Ein bestimmtes Medikament beeinflusst, bei einer Frau, bestimmte Botenstoffe, die dann an einer bestimmten Stelle in ihrem  Organismus eine Reaktion auslösen, für die sie sich eigentlich zur Verfügung hätte stellen können, ohne es aber unbedingt zu wollen.
Ob sie für die Steigerung des sexuellen „Wollens“ bewundert sein wird?
Abwarten. Das Präparat addyi ist in Deutschland noch nicht zugelassen. Und nach Erfahrungen mit der Pille im Hinblick auf HELDENTUM  sind Zweifel angebracht.
Bewundert, Ruhm erlangen!
Was heißt schon Ruhm? „Der Ruhm ist ein Kreis im Wasser, der sich immer weiter entwickelt, bis er ganz verschwindet“- so eine Lebensweisheit.

Männer sind, und Frauen auch - auch  im 21. Jahrhundert, genauso wie seit jeher. Sie können die Pharmaforschung beflügeln - eben weil sie typisch Mann und typisch-Frau sind.
So beispielsweise nach dem Erfolg mit SILDENAFIL bei Männern, mit einem gewinnbringenden Markt für Frauen mit sexuellen Funktionsstörungen.
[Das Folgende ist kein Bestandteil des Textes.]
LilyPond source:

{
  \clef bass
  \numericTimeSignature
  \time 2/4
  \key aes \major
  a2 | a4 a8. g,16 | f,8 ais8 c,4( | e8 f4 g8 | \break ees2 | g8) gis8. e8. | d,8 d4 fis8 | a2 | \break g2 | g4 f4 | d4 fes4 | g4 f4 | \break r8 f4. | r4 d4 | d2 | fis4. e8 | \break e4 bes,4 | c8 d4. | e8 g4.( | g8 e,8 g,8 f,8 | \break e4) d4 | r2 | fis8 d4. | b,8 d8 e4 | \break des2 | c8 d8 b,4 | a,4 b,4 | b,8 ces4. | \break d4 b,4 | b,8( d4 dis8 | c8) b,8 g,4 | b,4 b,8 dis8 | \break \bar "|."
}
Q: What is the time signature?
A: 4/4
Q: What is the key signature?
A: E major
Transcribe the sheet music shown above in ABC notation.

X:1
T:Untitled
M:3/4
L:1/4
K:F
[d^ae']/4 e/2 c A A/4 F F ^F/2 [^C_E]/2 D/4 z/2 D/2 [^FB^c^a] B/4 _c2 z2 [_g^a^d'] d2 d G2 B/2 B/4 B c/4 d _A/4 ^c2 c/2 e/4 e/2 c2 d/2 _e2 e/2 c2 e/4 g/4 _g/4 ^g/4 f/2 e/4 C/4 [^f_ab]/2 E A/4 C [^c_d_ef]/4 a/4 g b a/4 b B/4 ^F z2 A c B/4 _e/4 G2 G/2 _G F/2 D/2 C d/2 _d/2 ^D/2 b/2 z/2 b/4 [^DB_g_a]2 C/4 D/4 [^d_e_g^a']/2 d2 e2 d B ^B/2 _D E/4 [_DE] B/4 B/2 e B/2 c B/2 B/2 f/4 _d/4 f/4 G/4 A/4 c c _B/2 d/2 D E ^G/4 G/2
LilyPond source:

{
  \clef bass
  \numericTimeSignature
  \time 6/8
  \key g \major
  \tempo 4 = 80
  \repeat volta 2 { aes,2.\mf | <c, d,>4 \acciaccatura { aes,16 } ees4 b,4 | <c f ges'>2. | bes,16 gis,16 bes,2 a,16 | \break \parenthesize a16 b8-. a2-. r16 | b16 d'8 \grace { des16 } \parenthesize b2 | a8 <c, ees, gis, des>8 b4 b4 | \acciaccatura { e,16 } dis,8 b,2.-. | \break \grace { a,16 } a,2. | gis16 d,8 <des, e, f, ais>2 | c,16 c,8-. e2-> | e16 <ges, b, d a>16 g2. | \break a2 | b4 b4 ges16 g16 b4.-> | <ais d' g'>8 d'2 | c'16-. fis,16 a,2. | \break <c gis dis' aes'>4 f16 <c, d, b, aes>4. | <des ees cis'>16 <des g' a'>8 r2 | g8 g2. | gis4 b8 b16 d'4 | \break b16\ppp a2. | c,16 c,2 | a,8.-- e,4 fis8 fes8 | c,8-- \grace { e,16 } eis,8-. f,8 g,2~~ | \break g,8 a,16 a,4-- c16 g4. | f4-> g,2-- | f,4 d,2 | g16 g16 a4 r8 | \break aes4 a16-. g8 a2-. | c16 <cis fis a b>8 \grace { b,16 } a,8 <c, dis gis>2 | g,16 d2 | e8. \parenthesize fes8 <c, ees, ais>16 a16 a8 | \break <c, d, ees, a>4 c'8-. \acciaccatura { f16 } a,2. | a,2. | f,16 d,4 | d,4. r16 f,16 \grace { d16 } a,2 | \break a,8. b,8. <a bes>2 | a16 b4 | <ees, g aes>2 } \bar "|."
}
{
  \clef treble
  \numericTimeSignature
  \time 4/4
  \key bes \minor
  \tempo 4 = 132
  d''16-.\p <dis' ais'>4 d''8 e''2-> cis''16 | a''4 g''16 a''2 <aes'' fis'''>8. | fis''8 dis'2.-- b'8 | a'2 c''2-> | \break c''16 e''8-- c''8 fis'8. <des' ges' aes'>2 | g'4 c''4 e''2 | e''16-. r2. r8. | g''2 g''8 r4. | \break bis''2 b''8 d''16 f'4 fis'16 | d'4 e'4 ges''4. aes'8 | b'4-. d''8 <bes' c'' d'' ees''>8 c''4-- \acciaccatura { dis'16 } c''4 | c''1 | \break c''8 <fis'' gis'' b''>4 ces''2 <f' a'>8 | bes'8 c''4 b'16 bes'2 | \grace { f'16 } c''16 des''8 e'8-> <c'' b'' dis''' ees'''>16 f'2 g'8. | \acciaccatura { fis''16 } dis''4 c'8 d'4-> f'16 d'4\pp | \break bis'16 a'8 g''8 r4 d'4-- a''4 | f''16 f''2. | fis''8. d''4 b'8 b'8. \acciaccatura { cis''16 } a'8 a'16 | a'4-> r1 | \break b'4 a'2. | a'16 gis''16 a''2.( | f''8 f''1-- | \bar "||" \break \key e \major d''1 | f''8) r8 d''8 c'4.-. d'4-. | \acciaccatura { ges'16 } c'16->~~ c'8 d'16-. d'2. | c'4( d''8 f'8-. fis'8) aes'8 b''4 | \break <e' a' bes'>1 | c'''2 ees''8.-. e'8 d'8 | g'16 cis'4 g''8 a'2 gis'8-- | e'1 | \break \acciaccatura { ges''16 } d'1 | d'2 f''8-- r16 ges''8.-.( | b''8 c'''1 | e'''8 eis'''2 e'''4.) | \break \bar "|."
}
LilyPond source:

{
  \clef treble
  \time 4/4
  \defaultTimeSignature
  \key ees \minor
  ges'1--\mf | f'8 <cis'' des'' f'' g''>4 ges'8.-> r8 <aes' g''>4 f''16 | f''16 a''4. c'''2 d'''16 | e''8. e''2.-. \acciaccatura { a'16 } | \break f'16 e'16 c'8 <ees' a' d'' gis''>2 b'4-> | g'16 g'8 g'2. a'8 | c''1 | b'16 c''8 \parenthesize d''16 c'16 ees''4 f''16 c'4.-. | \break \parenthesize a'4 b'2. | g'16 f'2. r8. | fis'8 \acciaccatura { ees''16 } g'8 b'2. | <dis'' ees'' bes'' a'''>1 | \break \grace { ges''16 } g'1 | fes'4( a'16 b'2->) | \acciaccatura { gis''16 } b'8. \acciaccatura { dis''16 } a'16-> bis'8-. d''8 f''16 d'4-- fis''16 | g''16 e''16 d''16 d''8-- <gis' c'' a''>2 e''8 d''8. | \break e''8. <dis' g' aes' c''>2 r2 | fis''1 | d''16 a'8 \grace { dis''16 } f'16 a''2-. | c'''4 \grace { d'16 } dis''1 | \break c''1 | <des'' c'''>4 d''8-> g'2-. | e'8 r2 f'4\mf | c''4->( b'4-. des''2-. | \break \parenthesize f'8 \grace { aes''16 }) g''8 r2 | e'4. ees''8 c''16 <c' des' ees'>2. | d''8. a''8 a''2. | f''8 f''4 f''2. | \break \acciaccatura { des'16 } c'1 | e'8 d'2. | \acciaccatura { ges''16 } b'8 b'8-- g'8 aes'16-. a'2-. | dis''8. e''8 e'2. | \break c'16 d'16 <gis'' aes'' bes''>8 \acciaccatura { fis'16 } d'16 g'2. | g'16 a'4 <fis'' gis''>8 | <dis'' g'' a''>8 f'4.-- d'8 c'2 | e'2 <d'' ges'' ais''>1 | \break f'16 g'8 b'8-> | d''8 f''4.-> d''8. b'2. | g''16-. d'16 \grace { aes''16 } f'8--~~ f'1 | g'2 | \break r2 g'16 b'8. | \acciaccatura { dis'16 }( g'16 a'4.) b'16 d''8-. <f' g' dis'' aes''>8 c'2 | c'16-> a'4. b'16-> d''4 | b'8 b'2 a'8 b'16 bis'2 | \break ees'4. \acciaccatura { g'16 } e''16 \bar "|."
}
Das Kapitel HELDENTUM ist dabei vernachlässigbar.

Quelle: mit Material vom aerzteblatt

PS aus aktuellem Anlass: Wir haben den Höhepunkt der sexuellen Aufklärung doch noch nicht erreicht!
„Wir lernen nicht, wie man einen guten Blowjob macht. Es gibt immer noch Frauen, die nicht wissen, wie sie masturbieren können“ -  so eine Sexualmedizinerin und Psychotherapeutin zum Thema addyi im aktuellen
(Heft Nr. 36 / 27.08.2015). Und ein wichtiger Grund für Lustlosigkeit sei eben diese mangelnde Technik. Der Ansicht, die mangelnde Technik mit einer Pille wettzumachen, sei mit Skepsis zu begegnen - sagt die Expertin.